A maioria dos cultos tinha sempre cenas macabras, coisas pavorosas, cenários criados para incitar ainda mais medo, as pessoas que frequentavam aqueles cultos, em vez de saírem de lá com o espírito leve e renovado como seria de se esperar, saíam ainda mais oprimidas e cheias de medo e culpa, mas acreditavam ser assim que as coisas deviam ser mesmo, o mundo era cruel, então as coisas deviam ser duras, o bispo era um homem rígido e exigente com seus fiéis, todos acreditavam cegamente que essa era a única maneira de conseguir salvar o mundo das garras do diabo, que estava devastando a cidade, o medo que sentiam quando saíam dos cultos, era porque na verdade seus corações ainda não estavam puros e livres do mal, ainda estavam cheios de corrupção e lascívia, deveriam confessar ao bispo essas coisas, porque ainda tinham medo, e se isso ainda acontecia, como o santo homem dizia, era porque o diabo ainda soprava em seus ouvidos e de alguma maneira, ainda estavam dando ouvidos, era necessário receber alguma punição, ser castigado, pagar, prestar contas para tentar a purificação, a libertação do demônio era muito difícil, ele era tão sedutor, o demônio fazia as pessoas sorrirem e amarem e sentirem desejos, mas o bispo dizia que tudo isso era errado, e a única forma de viver corretamente, era em silêncio, com medo, e pedindo para ser perdoado por todos os pensamentos impuros, era preciso beber a água, para se purificar, afinal tantas pessoas estavam recebendo o toque do diabo e se transformando em monstros, era possível ver pelas rua, as aberrações que andavam, uma coisa pavorosa, as deformidades que o diabo era capaz de causar, e ainda o número de prostitutas e homossexuais aumentando sem parar, isso também era obra do demônio, tantos homossexuais, um horror, e diziam que o demônio tinha um nome e atendia por Scott, e que tinha uma noiva que tinha como amante seu irmão e um outro homem que ela enfeitiçara com suas artes infernais.

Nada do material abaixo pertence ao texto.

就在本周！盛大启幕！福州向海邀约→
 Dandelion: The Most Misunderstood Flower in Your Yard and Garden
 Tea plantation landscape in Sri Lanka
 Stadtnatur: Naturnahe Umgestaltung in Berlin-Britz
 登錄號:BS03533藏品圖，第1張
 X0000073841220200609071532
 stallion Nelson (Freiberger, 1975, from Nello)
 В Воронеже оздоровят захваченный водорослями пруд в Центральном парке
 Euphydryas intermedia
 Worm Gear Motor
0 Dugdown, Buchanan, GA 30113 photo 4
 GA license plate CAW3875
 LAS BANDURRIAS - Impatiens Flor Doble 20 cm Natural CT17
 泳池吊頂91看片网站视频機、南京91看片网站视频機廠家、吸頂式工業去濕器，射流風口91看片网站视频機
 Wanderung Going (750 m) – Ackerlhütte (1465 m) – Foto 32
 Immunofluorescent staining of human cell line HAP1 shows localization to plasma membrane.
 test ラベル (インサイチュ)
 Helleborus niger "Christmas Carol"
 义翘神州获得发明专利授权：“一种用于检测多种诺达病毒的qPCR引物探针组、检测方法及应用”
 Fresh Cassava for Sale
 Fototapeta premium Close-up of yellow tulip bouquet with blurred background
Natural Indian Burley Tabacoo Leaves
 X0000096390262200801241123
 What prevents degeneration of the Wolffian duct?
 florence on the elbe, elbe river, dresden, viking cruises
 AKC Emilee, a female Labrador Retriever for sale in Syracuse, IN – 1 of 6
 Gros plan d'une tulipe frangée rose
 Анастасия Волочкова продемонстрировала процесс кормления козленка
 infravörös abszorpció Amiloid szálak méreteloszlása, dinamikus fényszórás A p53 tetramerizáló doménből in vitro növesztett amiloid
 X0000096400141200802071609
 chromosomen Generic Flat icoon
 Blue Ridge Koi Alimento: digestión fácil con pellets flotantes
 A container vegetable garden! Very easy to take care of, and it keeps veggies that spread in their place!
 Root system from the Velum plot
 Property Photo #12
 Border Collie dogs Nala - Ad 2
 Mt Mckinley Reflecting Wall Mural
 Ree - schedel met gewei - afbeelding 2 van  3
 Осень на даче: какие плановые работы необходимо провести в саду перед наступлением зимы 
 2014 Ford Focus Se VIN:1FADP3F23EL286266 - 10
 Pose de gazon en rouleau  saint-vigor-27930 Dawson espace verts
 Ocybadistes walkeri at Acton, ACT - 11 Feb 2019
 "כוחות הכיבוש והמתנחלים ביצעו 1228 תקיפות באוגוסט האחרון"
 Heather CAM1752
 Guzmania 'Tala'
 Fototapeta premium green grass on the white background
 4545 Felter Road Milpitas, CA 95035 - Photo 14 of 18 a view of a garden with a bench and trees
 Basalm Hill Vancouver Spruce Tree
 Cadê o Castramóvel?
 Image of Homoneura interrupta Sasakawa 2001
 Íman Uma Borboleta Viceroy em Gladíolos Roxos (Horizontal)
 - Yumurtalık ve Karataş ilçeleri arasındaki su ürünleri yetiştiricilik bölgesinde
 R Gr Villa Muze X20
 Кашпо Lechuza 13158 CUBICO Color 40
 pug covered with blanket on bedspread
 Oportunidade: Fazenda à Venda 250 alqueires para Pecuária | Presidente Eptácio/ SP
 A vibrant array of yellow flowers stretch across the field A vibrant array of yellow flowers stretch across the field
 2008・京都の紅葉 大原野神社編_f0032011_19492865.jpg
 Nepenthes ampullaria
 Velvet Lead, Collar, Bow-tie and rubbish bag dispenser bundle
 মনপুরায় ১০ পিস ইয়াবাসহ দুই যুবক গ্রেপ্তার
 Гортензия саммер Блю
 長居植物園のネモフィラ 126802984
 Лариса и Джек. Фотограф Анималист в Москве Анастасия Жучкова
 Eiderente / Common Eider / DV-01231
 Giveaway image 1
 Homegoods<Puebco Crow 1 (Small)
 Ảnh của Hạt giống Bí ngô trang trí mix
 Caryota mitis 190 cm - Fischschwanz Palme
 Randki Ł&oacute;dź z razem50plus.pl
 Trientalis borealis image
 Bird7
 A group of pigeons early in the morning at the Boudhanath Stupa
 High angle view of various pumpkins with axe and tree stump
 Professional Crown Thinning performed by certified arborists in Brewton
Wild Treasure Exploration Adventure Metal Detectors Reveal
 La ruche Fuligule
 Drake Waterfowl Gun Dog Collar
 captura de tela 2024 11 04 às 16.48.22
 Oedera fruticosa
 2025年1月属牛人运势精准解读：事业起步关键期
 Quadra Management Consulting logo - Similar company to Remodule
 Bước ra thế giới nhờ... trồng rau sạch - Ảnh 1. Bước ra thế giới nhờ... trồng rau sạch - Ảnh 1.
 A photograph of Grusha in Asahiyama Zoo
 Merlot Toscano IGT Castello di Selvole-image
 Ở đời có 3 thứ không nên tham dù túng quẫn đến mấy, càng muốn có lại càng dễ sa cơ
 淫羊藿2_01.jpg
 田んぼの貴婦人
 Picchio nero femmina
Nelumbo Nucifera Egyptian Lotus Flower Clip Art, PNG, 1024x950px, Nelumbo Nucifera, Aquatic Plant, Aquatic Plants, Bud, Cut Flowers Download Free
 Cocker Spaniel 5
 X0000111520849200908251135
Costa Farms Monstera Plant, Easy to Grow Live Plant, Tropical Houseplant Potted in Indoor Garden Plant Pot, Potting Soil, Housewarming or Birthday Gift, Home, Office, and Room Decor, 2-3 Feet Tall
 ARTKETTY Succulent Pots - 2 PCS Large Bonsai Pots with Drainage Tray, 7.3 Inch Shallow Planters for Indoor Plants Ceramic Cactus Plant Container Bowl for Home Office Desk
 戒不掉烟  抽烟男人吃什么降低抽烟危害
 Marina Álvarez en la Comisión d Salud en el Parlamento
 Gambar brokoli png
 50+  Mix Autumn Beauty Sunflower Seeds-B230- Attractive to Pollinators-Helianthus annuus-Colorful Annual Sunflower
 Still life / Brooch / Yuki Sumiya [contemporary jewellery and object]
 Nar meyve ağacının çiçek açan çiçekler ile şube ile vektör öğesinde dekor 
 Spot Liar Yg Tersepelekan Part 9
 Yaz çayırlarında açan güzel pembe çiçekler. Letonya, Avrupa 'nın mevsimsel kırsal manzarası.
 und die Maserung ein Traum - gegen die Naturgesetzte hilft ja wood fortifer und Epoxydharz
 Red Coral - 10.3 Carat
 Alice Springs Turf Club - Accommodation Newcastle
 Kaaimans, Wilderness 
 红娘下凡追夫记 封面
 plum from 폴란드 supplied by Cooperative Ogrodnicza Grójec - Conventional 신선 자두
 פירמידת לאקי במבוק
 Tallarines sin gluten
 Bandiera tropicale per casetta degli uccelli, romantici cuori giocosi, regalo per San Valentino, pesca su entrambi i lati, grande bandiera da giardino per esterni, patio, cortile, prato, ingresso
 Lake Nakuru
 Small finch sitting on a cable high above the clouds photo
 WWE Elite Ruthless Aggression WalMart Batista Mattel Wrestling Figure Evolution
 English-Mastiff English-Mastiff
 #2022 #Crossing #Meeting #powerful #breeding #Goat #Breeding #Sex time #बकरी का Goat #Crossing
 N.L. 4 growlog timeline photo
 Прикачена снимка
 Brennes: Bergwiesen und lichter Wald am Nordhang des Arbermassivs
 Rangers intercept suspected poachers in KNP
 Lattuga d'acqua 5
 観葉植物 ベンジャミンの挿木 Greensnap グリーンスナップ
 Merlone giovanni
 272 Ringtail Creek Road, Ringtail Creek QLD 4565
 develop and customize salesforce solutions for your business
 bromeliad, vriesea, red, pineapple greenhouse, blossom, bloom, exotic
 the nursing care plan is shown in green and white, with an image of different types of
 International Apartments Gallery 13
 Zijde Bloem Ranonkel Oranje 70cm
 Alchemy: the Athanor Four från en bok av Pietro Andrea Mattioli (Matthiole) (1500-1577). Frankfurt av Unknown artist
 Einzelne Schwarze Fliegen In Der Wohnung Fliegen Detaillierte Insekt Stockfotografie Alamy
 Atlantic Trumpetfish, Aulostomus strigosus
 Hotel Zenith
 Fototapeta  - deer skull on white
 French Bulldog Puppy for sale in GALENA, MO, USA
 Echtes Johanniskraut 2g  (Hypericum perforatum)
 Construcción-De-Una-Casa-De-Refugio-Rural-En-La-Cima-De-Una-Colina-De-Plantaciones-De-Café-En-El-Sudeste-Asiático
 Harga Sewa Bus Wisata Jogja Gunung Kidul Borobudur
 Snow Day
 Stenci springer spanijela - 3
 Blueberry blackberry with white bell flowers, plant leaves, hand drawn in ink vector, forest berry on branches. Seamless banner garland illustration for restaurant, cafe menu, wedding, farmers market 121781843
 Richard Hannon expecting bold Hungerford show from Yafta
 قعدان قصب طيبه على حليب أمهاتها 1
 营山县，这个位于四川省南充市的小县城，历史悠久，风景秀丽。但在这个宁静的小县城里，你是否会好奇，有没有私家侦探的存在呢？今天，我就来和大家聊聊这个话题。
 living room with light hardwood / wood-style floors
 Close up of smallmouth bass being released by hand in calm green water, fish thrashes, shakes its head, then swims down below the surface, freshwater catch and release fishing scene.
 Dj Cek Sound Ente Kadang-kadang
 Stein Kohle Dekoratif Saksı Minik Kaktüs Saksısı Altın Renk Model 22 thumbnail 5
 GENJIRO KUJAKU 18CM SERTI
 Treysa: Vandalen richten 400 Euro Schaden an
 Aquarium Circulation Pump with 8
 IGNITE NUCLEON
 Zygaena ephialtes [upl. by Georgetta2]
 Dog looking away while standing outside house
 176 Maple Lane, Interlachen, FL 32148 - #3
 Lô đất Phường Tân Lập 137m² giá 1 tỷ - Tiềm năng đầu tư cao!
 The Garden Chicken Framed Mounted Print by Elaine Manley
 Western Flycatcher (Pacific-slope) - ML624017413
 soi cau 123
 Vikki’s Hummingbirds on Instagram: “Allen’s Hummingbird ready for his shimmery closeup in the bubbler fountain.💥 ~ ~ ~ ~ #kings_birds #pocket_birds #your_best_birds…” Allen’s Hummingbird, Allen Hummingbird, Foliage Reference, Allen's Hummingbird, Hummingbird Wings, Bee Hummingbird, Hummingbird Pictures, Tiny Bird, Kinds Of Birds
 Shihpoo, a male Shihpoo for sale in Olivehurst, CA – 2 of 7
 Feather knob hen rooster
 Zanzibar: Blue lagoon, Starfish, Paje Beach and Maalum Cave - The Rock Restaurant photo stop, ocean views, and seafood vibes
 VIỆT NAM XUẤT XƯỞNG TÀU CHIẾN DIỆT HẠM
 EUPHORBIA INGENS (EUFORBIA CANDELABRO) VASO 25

Sessões de exorcismo eram comuns nos cultos, o bispo adorava fazer seus shows, eram na verdade espetáculos de aberrações, a plateia gritava em êxtase, de forma alucinada, a histeria era generalizada, por momentos, nem mesmos os homens do bispo conseguiam conter a agitação, em geral o bispo mandava que as luzes fossem apagadas  começava a dar ordens de comando para que as pessoas se acalmassem, aquilo sempre funcionava, manipular as massas é uma coisa simples se você tiver a malícia e a força necessária de comando, e isso o bispo tinha de sobra, aliada à sua maldade, conseguia controlar o público e reiniciar os cultos, nesses dias, as pessoas costumavam sair caladas, com medo, o homem costumava dizer que havia travado uma luta com o diabo dentro da sua igreja, e o havia expulsado e vencido com seu poder maior, os fiéis crédulos e ignorantes, sob efeito da drogas, nem conseguiam discernir direto sobre o que havia acontecido ali dentro, muitos saiam contando fantasias de coisas que tiravam apenas de suas mentes inventivas, fatos que não haviam acontecido, ou alucinações decorrentes da água envenenada, era mais deprimente do que qualquer cenas que pudesse acontecer nas ruas.